Realizou pela sétima vez uma Oficina de Oração e Vida e garante estar “com o coração cheio”. “Cheio de gratidão, de alegria serena e de uma paz que se foi construindo, passo a passo, ao longo de sete caminhos percorridos nas Oficinas de Oração e Vida”, concretiza.
Ao Folha do Domingo, Ana Arnedo explica que “as Oficinas são uma escola apostólica de oração”, “um caminho paciente de crescimento na fé”. “Um espaço onde deixamos de repetir apenas palavras e começamos a abrir o coração”, acrescenta, considerando “rezar é fácil, mas orar…”. “Orar é aprender a estar verdadeiramente com Deus”, distingue.
“Durante quinze sessões, ao longo de quatro meses, vamos aprendendo diferentes formas de oração. Cada pessoa descobre aquela que mais toca a sua alma. Cada encontro é único. Cada sessão é um passo mais fundo. Depois, em casa, dedicamos diariamente trinta minutos a Jesus. Trinta minutos que parecem pequenos… mas que transformam tudo. É tempo de silêncio. É tempo de Palavra. É tempo de encontro. Na sessão seguinte, partilhamos com simplicidade o que vivemos. Sem julgamentos. Sem máscaras. E, pouco a pouco, nasce algo muito bonito: uma relação de Amor com Jesus, connosco próprios e com o mundo”, conta aquela oficinista natural de Faro.
Ana Arnedo destaca ainda a importância dos guias na caminhada que é feita, explicando que as Oficinas em que tem participado têm sido guiadas pelo casal Maria Vitória Arenga e Mário Arenga. “São muito mais do que guias. Eles não ensinam apenas com palavras, ensinam com a vida.
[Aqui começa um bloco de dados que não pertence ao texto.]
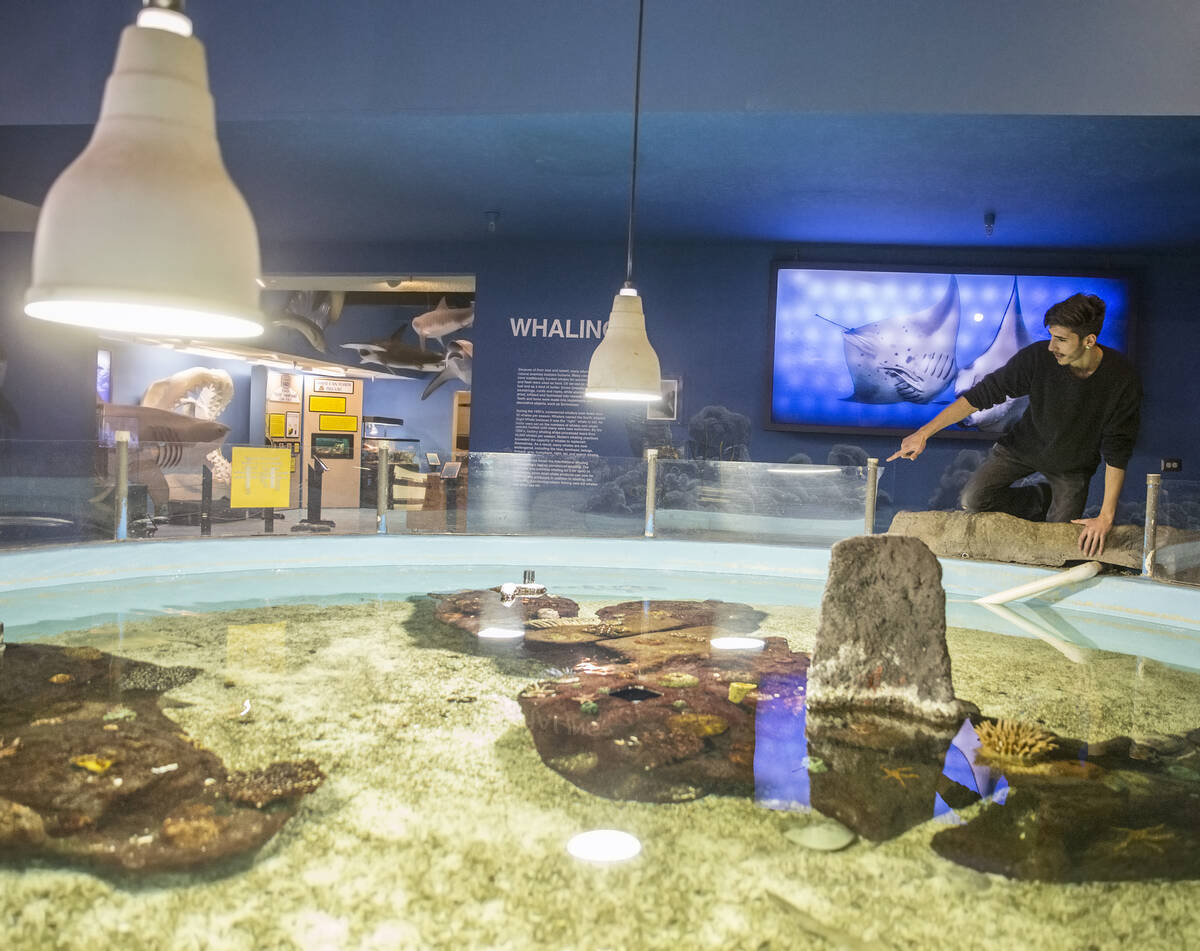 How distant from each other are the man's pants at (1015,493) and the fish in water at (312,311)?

São exemplo vivo de fé que persevera, de paciência que acolhe, de entrega que não pede nada em troca.
São presença constante, apoio discreto, amizade verdadeira para cada oficinista. E isso sente-se profundamente”, testemunha, grata ainda ao cónego Rui Barros por acolher as Oficinas de Oração e Vida na paróquia farense de São Luís. “Obrigada por abrir esta porta que é, acima de tudo, uma porta para Deus”, agradece.
Ana Arnedo explica o que tem mudado na sua vida a experiência das Oficinas de Oração e Vida. “Mudou o olhar. Mudou o coração. Mudou a forma de viver. Os relacionamentos tornaram-se mais serenos. A família ganhou mais compreensão. O trabalho tornou-se mais leve. A amizade mais verdadeira. O amor mais profundo”, garante, acrescentando que “a fé cresce, a confiança aumenta, a paciência floresce”. “Aprende-se a perdoar de coração inteiro. Os medos perdem força. O silêncio deixa de assustar e passa a ser lugar de paz. E começa a nascer, todos os dias, uma pergunta simples e transformadora: «O que faria Jesus no meu lugar?», desenvolve.
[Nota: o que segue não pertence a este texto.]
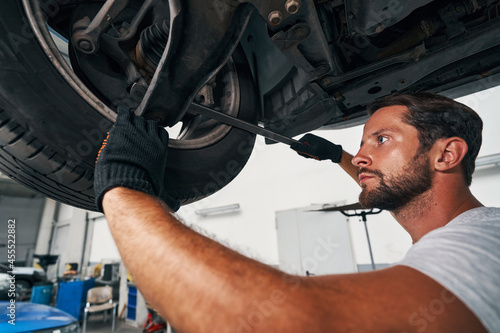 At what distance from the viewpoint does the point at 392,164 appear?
65cm

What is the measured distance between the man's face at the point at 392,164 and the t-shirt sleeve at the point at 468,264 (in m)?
0.25

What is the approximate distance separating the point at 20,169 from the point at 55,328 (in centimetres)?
116

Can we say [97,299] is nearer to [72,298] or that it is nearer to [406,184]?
[72,298]

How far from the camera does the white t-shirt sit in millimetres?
299

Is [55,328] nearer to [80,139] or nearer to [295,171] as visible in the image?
[80,139]

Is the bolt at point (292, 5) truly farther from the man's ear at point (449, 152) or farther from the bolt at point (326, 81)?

Aquela oficinista assegura que as Oficinas de Oração e Vida “são um verdadeiro medicamento para a alma”. “E são para todos, para quem procura, para quem duvida, para quem sofre, para quem agradece, para quem simplesmente deseja aprender a amar melhor”, complementa.
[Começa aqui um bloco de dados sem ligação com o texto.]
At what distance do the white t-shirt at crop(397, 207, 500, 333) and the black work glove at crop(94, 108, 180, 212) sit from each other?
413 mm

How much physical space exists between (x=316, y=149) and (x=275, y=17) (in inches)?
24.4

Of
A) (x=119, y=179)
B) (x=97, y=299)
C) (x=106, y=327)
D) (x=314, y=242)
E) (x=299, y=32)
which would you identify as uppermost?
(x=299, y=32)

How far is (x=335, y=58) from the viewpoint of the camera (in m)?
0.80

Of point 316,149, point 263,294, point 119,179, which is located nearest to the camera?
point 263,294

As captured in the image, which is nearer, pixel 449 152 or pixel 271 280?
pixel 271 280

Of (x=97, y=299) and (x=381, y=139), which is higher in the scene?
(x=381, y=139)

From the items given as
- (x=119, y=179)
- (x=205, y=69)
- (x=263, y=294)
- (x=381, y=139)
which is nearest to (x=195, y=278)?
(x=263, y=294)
As Oficinas de Oração e Vida são uma Associação Internacional de Fiéis Leigos de Direito Pontifício aprovada pelo Papa São João Paulo II, a 4 de outubro de 1997, existem em mais de 60 países do mundo, chegaram a Portugal há mais de 25 anos, e foram fundadas por frei Ignacio Larrañaga (1928-2013), Franciscano Capuchinho, em 1984.